El caso de Chile no es menos dramático que el colombiano. También encontramos efectos de la invasión de la lógica del mercado sobre lo educativo, tal como lo advierte el pensador francés Christian Laval. Él, refiriéndose a la educación y, particularmente, a los nefastos efectos que conlleva subsumir ésta a la lógica administrativa, comenta: “la escuela y la universidad deben convertirse en cuasi empresas que funcionen según el propio modelo de las marcas privadas y se sometan a la exigencia del máximo rendimiento” (Laval, 2004: 42).

El agobiante endeudamiento de las familias chilenas en su lucha por el acceso a una educación que se supone de calidad. El también esfuerzo por parte de las universidades que tienen que ajustarse a estándares y condiciones de calidad que terminan por convertirlas en lo que sospechosamente desvela el adagio “dime de qué presumes y te diré de qué careces”.

Los encomiables propósitos de promover la investigación, la capacitación y cualificación de los maestros, la mejora en la cobertura educativa, la equidad en el acceso y la oportunidad real de educarse naufragarán siempre si no se ve a la educación como un proceso y sí como un producto inmediato.

La escuela y la educación no son una empresa, y la calidad es un concepto tan equívoco y tan escaso en la realidad educativa de Chile, de Colombia y de tantos otros países hermanos que hay que pensarlo con detenimiento.
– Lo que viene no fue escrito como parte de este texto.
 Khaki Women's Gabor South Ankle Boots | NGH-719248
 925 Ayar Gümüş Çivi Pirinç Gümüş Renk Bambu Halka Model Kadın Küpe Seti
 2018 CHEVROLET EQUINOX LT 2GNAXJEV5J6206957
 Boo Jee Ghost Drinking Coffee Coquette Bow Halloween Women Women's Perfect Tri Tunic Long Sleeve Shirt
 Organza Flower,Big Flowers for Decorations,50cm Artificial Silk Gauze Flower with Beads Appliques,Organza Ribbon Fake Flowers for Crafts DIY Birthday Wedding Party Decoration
Lo importante es que la calidad no puede darse como algo dado y evidente.

Hay que ver si calidad tiene que ver también con la calidad de vida de las personas, con la calidad del conocimiento en términos de aprender a ser críticos, con la calidad del trato entre maestro y alumno, con la calidad de seres humanos respetuosos de las diferencias y no como un simple rótulo que se llena de acuerdo al interés o estrategia política del momento.

(*) Magíster en Filosofía y en Estudios Políticos Investigador del Instituto Pensar de la Pontificia Universidad Javeriana, Bogotá.